Successful corporate web: A bridge of opportunity across departments

September 17, 2010 9:03 am Published by Leave your thoughts

Introduction

Business-oriented web sites are the meeting place of two worlds: 1) client or corporate management and 2) designer or in-house design team. Management has the economic edge plus executive power and is usually trained in marketing, accounting or sales. Their task is to tap into an opportunity, meet with partners, draft a solid business plan. Initially, the value of this plan is measured by numbers and benefits.

On the other hand, the design team has its own set of challenges and or hoops to jump through. They have to create a site which serves much more than raw information: it has to be in service of 1) management, 2) partners, 3) customers. Designers are born with a visual perspective over any task and are trying to accommodate the needs of the client/management into a new product, which must respond to a number of design requirements. Among these are: balance, symmetry, basic colours, grid, consistency of the box model, readability, clarity, path of scanning, speed of loading, usability, distinctive call to action. Trouble is, they have to satisfy the aesthetic preferences of many people from all sides.

Usually, these circumstances bog the work down and it turns into an endless volley of ideas from side to side, ultimately resulting in a Frankenstein’s product. It has many good parts in it, but lacks a reason to live. Naturally, this monster is angry and wants to take revenge on its creators, instead of bringing them loads of ca$h. A solution to this problem would be to go back to the one thing that is an important property of every natural, organic creation: a simple and clearly defined goal. It is usually omitted or not stressed upon hard enough in the very beginning of the inter-departmental creative workflow.

The Process

The key to success is communication. Instead of talking to the designers about the goal and only the goal, more often than not the clients talk to people from their circle about design pointers. Or they might see something nice that they want to replicate. Or the worst case: read in an esteemed book about how things should look. In the end, this practice is always counter-productive. References and ideas are indeed a very good asset to bring to the table, because they give designers valuable pointers. Just don’t expect the product to be 100% like that example and focus on the crucial part: discussing and developing the idea first.

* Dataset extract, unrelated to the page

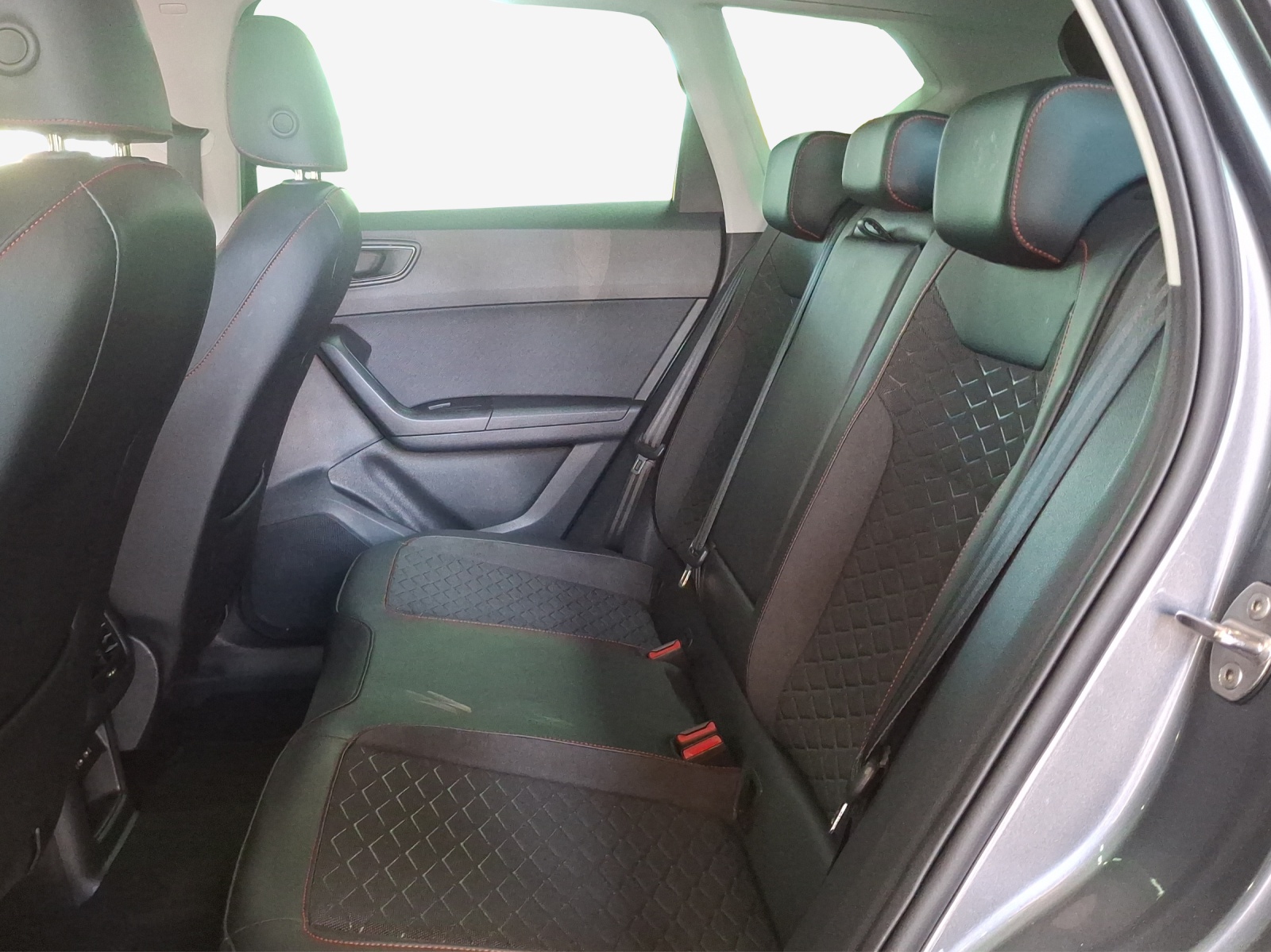 SEAT Ateca 1.5 TSI EVO DSG FR-image-11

The site should be conceived as a wireframe – no colours, no rounded edges, no animation. If it works as a wireframe, it is guaranteed to work as a finished product. The challenge with prototyping between client and designer is also quite big. Management usually wants to put as many things as possible into the product, while the laws of online media dictate that we need to remove as much as possible. This situation calls for a compromise, to be sorted out in a black-and-white, boxed vision of the future product. Every side has to put forth their arguments, bullet-point style, so both teams can look at them and decide what goes and what stays.

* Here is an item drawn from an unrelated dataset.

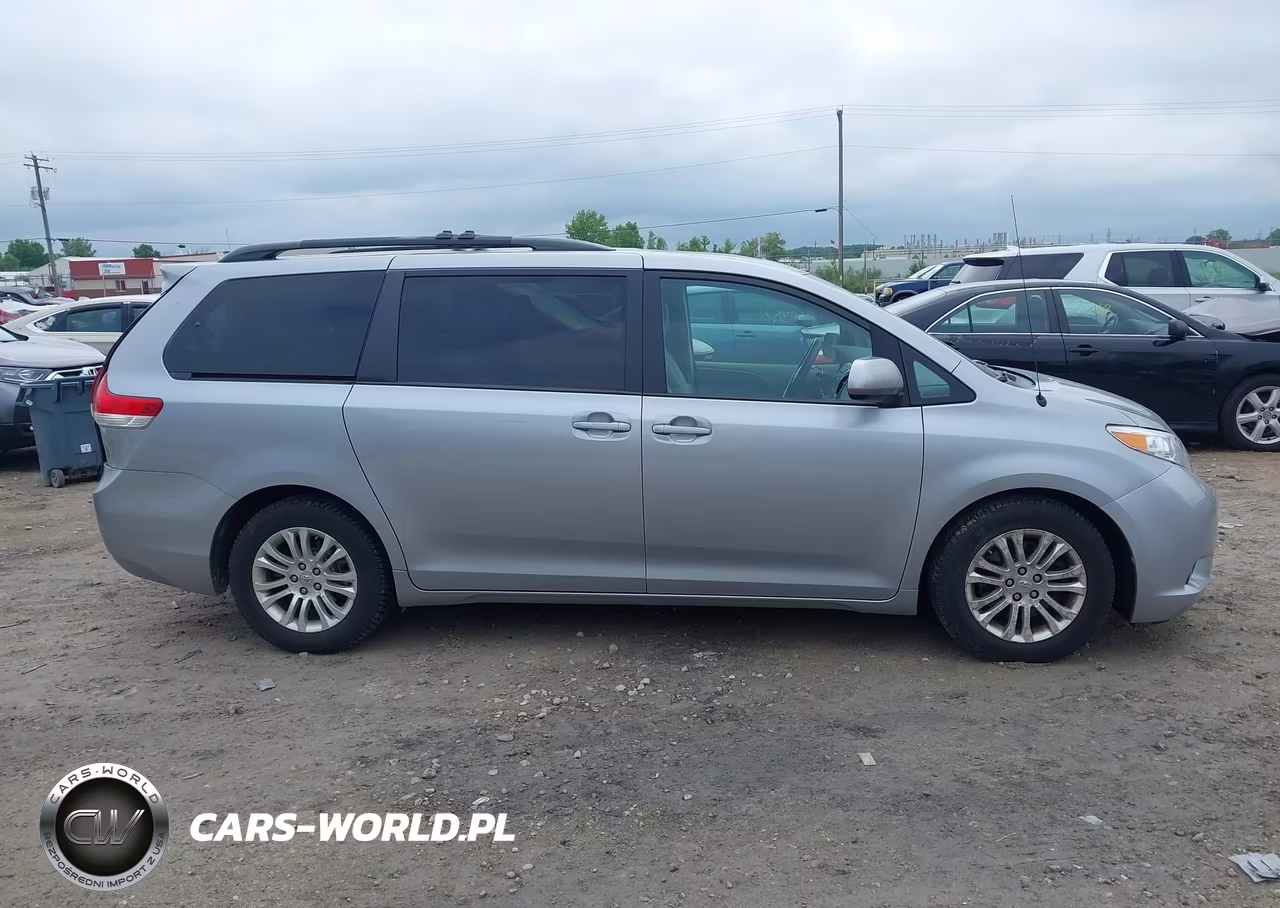 2012 Toyota Sienna Xle V6 8 Passenger VIN:5TDYK3DC6CS268295 - 13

The next step is when the designer goes looking for inspiration, pointers, samples. Long pause… Afterwards, a complete vision without outside influence should be presented on another meeting. This is a crucial requirement, because ideas from different places always stick out from the final product, or at least makes it very difficult for the designer to hide them.

Post processing

No matter how perfect, every design has “small” details to iron out. And exactly in those details is the catch. If the small details/changes come from outside of the designer’s mind, they can steer the site towards an entirely different direction than the one envisioned by its architect. Because the small details are the site. They are the defining feature of any site that has good-to-great level of quality. A proposed project is expected to be already solid and have all its elements in place, looking good and functional, but it still lacks soul and will be undistinguishable from any other competitor. The details like the lists icon, hover effects, surprising interaction (“delighters”) – make the site what it is. A masterpiece candidate.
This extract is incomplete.